Monday, 24 May 2010

Dervla Murphy

I've just been reading Dervla Murphy's recent book on Cuba, THE ISLAND THAT DARED. As always, she sets her personal experiences against the structure and the history and the politics of the country she is visiting, and then puts that into a wider context of world history.

I found her book so interesting that it spurred me to dig out the notes I made when I stayed with her and interviewed her for an American magazine, many years ago.

In my usual disorganised fashion) I have not dated my notes - but I'd say they're mid 1990s. I bet Dervla would have dated them, because I was particularly impressed by how meticulously she organised the tottering piles of papers and books which constituted the background reading for each project. She explained to me how she prepared for a trip.

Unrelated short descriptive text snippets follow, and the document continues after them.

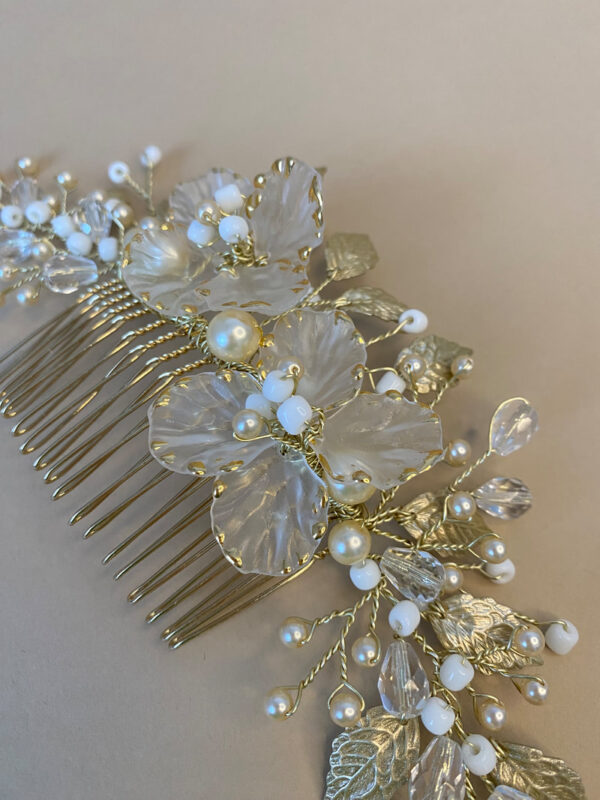 AR787 - Athena Large Comb with Leaf & Flowers – Image 2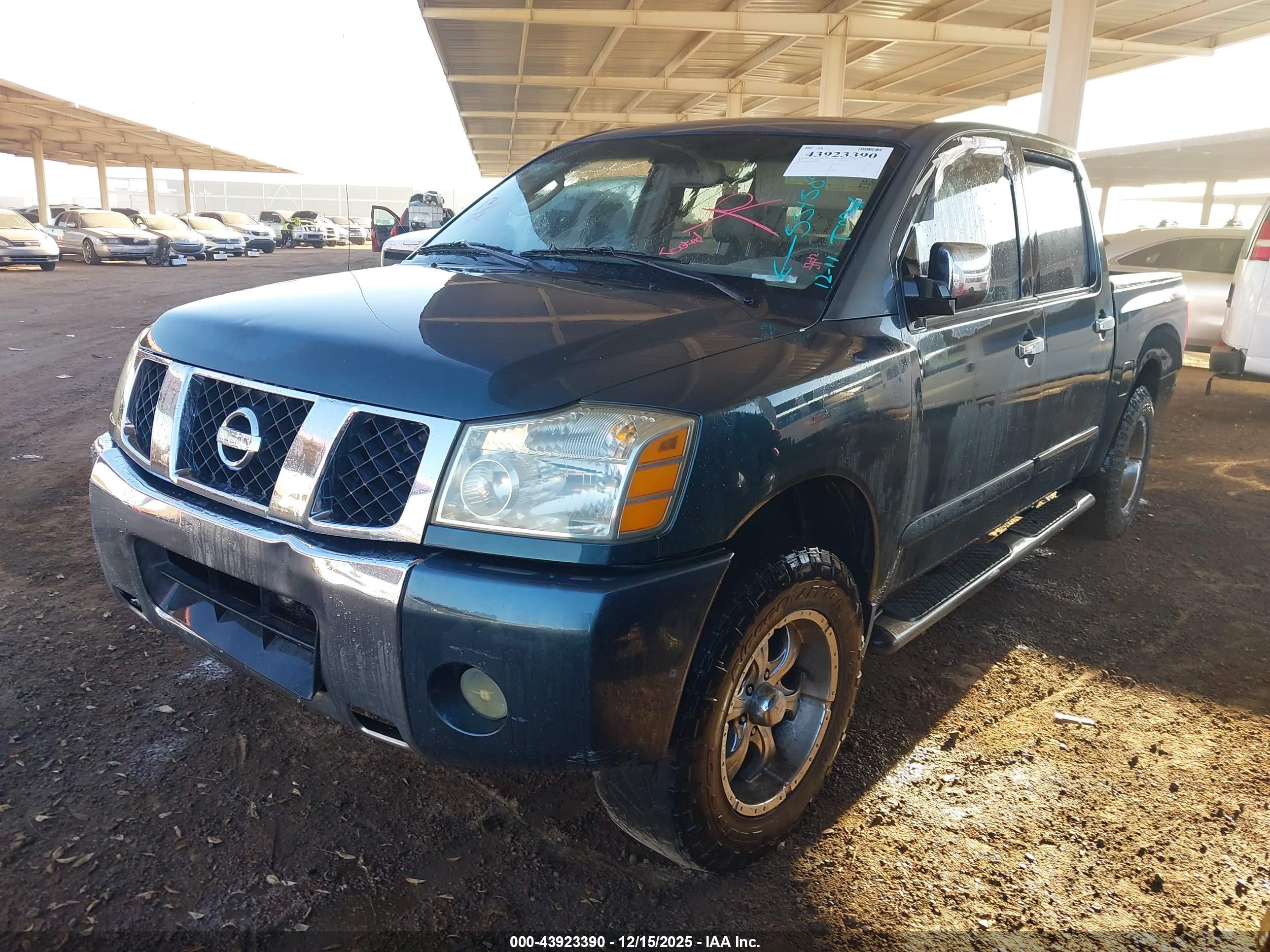 NISSAN TITAN image 2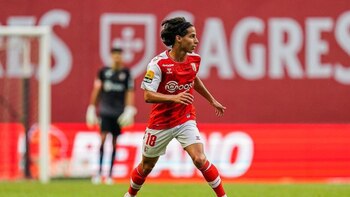 El gol de Diego Lainez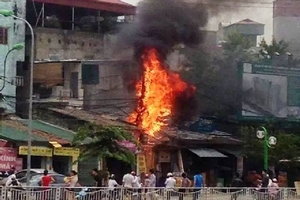 Hà Nội: Cột điện phát hỏa, người dân phát hoảng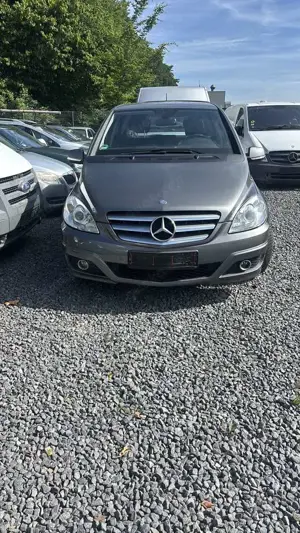 Mercedes-Benz B 180 B 180 CDI (245.207)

"I don't read other travel books - I don't think there is any point" she said. "If there is material about the history of the country, I read that. In the case of somewhere like Cameroon, where the background reading is almost all in French, which I can barely understand, I find it very frustrating. I feel I am not understanding the present because I don't know enough about the past.

"The past is very important. Even the way that unexpected, completely new developments are dealt with in a country, is influenced by the past."

In THE ISLAND THAT DARED, she brings into sharp relief the contradictions of a country which combines discouraging aspects of Soviet-style communism, with the kind of basic people-centredness that leaches away in a modern materialistic society.

An observation that jumped out at me was that the "corrosion of the welfare state is insidiously weakening Western democracy. Voter turn outs have remained highest where the welfare state has suffered least damage."